Neben den schon erwähnten Zielen sollen die Studenten durch die Sommerschule neue Erkenntnisse über das eigene Recht gewinnen. Nur der berühmte „Blick über den Tellerrand“ ermöglicht ein Erkennen der Relativität des eigenen Rechts. So gewinnt man Verständnis für den häufig nicht vorhandenen, aber gern als grundsätzlichen angenommenen Charakter einer eigenen, nationalen Rechtsregelung.

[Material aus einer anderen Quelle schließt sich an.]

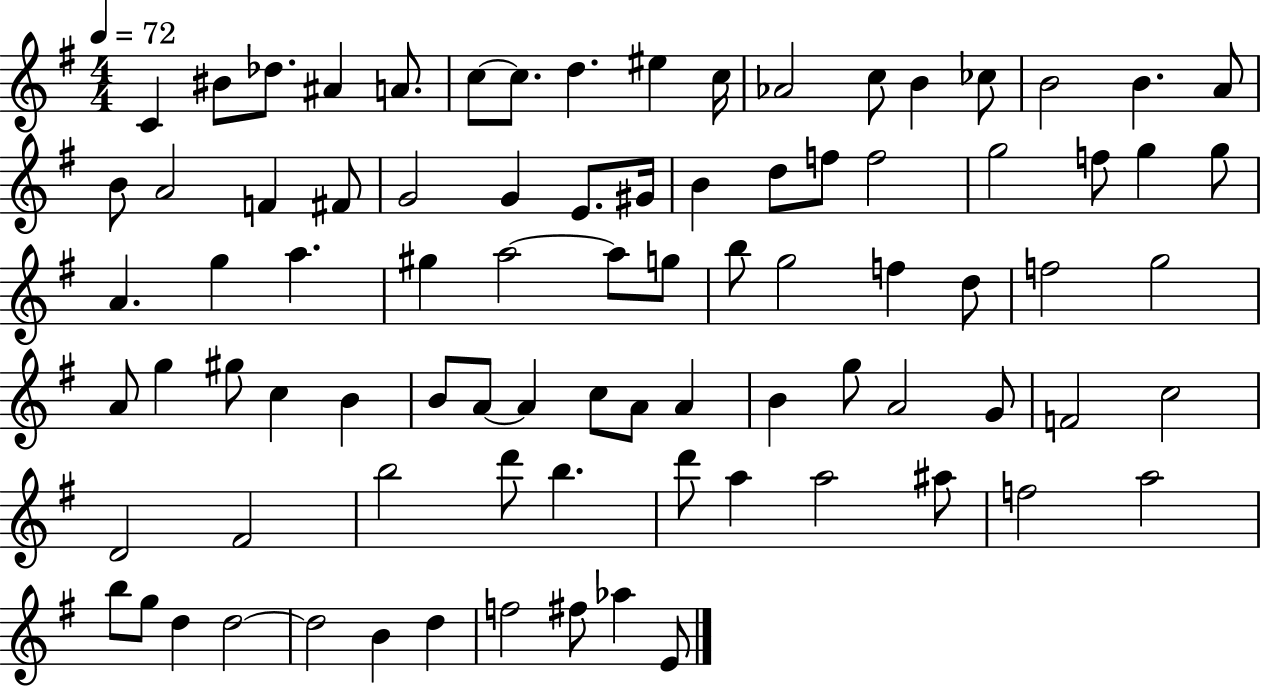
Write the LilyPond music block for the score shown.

{
  \clef treble
  \numericTimeSignature
  \time 4/4
  \key g \major
  \tempo 4 = 72
  c'4 bis'8 des''8. ais'4 a'8. | c''8~~ c''8. d''4. eis''4 c''16 | aes'2 c''8 b'4 ces''8 | b'2 b'4. a'8 | \break b'8 a'2 f'4 fis'8 | g'2 g'4 e'8. gis'16 | b'4 d''8 f''8 f''2 | g''2 f''8 g''4 g''8 | \break a'4. g''4 a''4. | gis''4 a''2~~ a''8 g''8 | b''8 g''2 f''4 d''8 | f''2 g''2 | \break a'8 g''4 gis''8 c''4 b'4 | b'8 a'8~~ a'4 c''8 a'8 a'4 | b'4 g''8 a'2 g'8 | f'2 c''2 | \break d'2 fis'2 | b''2 d'''8 b''4. | d'''8 a''4 a''2 ais''8 | f''2 a''2 | \break b''8 g''8 d''4 d''2~~ | d''2 b'4 d''4 | f''2 fis''8 aes''4 e'8 | \bar "|."
}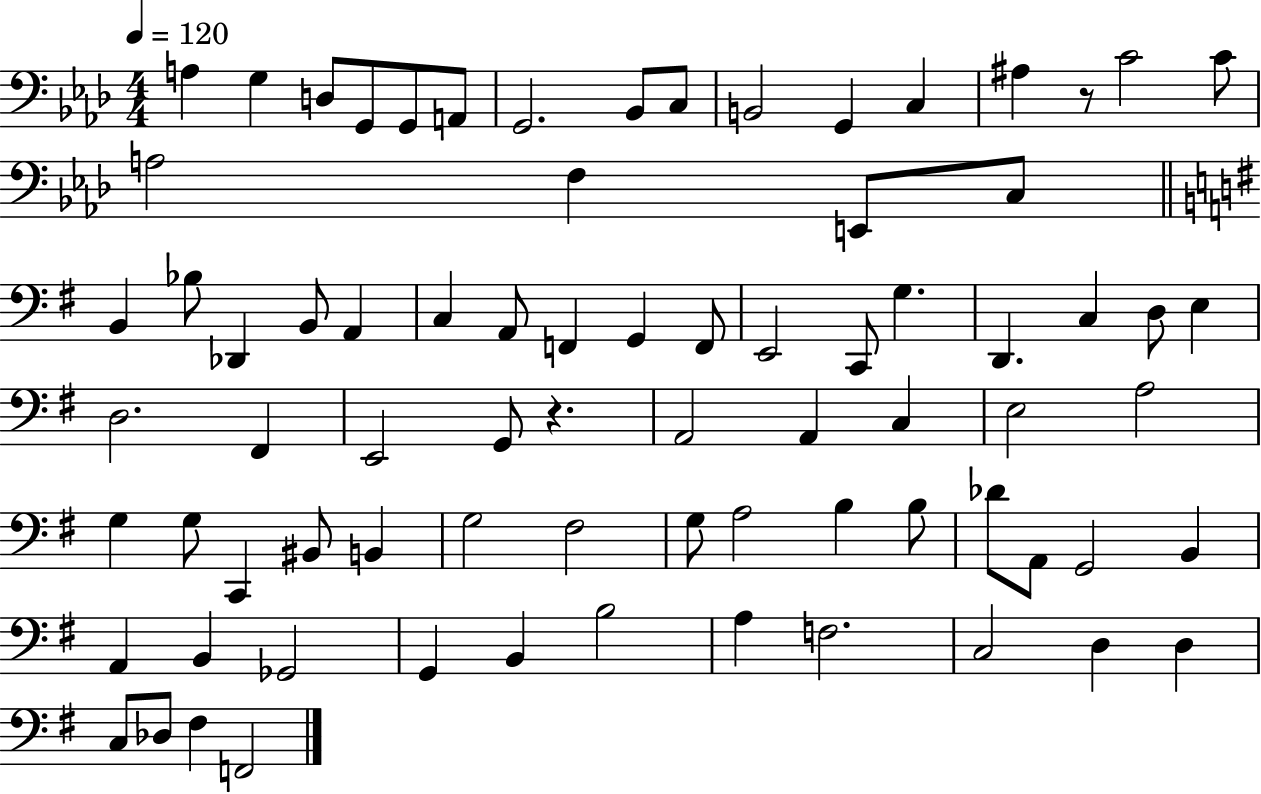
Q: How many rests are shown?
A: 2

Es soll gezeigt werden, inwieweit ein Kern nationaler Verfassungsprinzipien – die „gemeinsamen Verfassungsüberlieferungen“ – existiert, gleichsam ein gemeineuropäisches Verfassungsrecht. Auch soll demonstriert werden, dass das Ziel des Verfassungsvergleichs nicht eine übernationale Rechtsvereinheitlichung ist, denn dies würde schon den unterschiedlichen historischen, politischen, kulturellen Voraussetzungen und Traditionen der einzelnen Völker widersprechen. Jedoch soll das Potential des Verfassungsvergleichs bei der Vorbereitung einer neu zu erlassenden nationalen Verfassung, der Weiterentwicklung und Verbesserung des eigenen Verfassungsrechts und bei der Schaffung von gemeinsamen Quasi-Verfassungen aufgezeigt werden. Der Schwerpunkt der geplanten Sommerschule liegt zwar im juristischen Bereich, jedoch bietet gerade die Befassung mit dem Verfassungsrecht und die wechselseitige Beeinflussung zwischen diesem und dem Europäischen Recht Raum für eine stark fächerübergreifende Ausrichtung der Sommerschule. Dem soll durch Vorlesungen zur Geschichte der Europäischen Integration, aber auch durch die Berücksichtigung der politischen Geschichte der teilnehmenden Staaten Rechnung getragen werden.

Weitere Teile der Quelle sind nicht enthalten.